Arthur Bernard Deacon (1903–1927) was a social anthropologist who carried out fieldwork on the islands of Malakula and Ambrym in what is now Vanuatu.

Deacon was born in Nikolayev, then in south Russia, where his English father worked for a shipping firm, and at the age of thirteen was sent back to finish his education in England. Deacon graduated from Trinity College, Cambridge, and was awarded a grant for anthropological fieldwork in Malakula. He arrived there in January 1926 and died there on 12 March 1927 of blackwater fever.

Deacon's fieldwork was edited by Camilla Wedgwood into an ethnography in 1934. Wedgwood incorporated the notes of the earlier field-worker John Layard into the book without Layard's knowledge and following threats of legal action the first edition only appeared with Layard's comments. The book was drawn on by both later ethnographers and present-day inhabitants of the islands, although later fieldwork by Margaret Patterson radically reinterpreted his evidence on the Ambrym marriage system.

Deacon had known Margaret Gardiner, a fellow student, for more than a year before leaving Cambridge, but they only started a relationship on the evening before his departure from Cambridge.

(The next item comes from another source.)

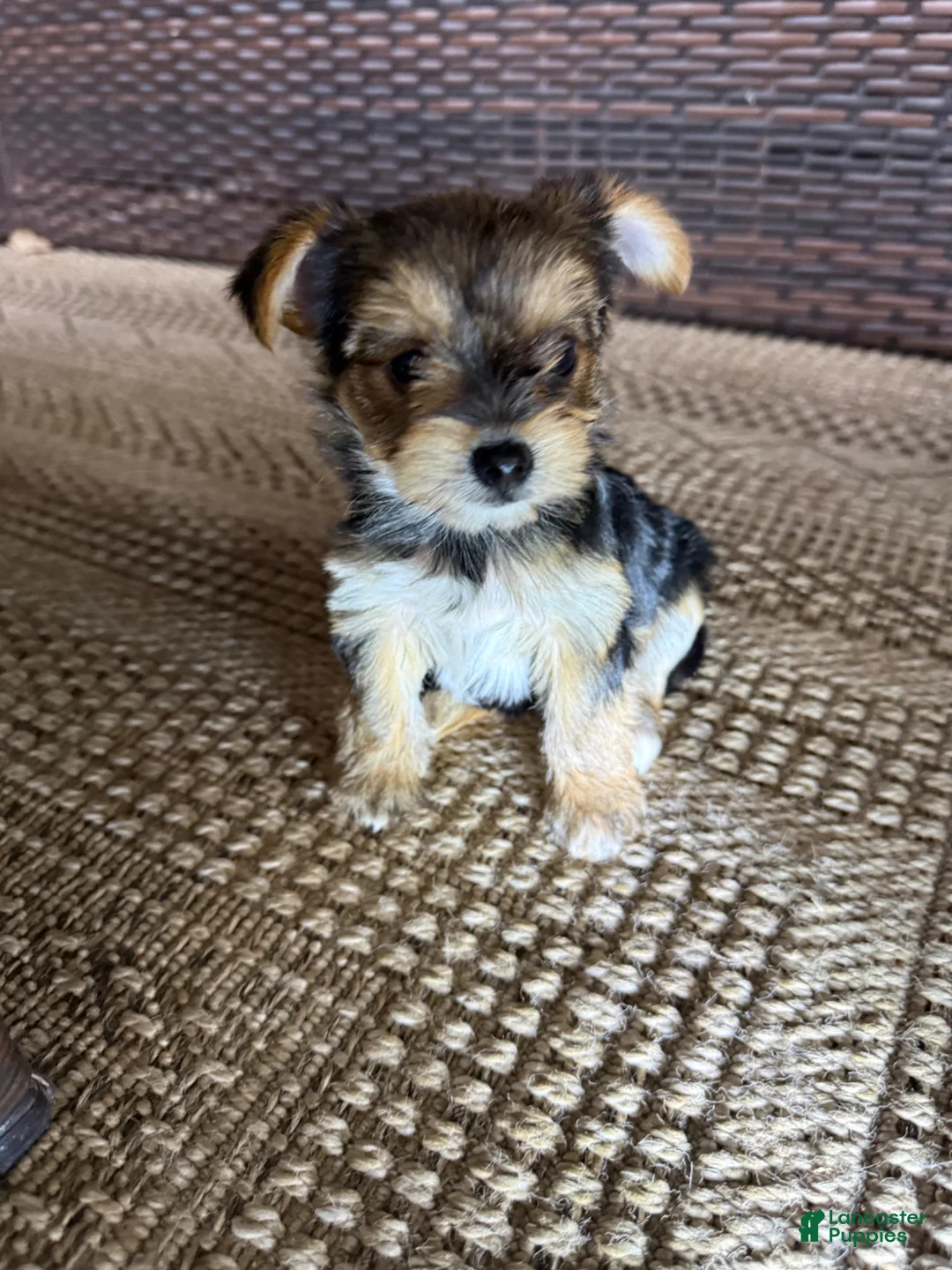 Yorkshire Terrier dogs for sale: Yorkshire Terrier Puppy 2 - Ad 1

Although they exchanged many letters, and arranged to meet in Australia to live as a couple, they never met again. Gardiner's memoir of Deacon was published in 1984.

In 2011, a collection of 16 volumes of notebooks, and additional drawings, correspondence and genealogies relating to Deacon's work in Vanuatu, covering the period from 1926 to 1927, was placed in the UNESCO's Memory of the World International Register.

== Works ==
- A. B. Deacon, Notes on Some Islands of the New Hebrides. Journal of the Royal Anthropological Institute of Great Britain and Ireland 59:461–515 (1929), ed. C. Wedgwood.
- A. B. Deacon, Malekula: a vanishing people in the New Hebrides, ed. C. Wedgwood (1934)
- A. B. Deacon, ‘The regulation of marriage in Ambrym’, Journal of the Royal Anthropological Institute, 57 (1927)
- A. B. Deacon, '4 Geometrical Drawings from Malekula and Other Islands of the New Hebrides.' Journal of the Royal Anthropological Institute of Great Britain and Ireland 64:129–175. (1934)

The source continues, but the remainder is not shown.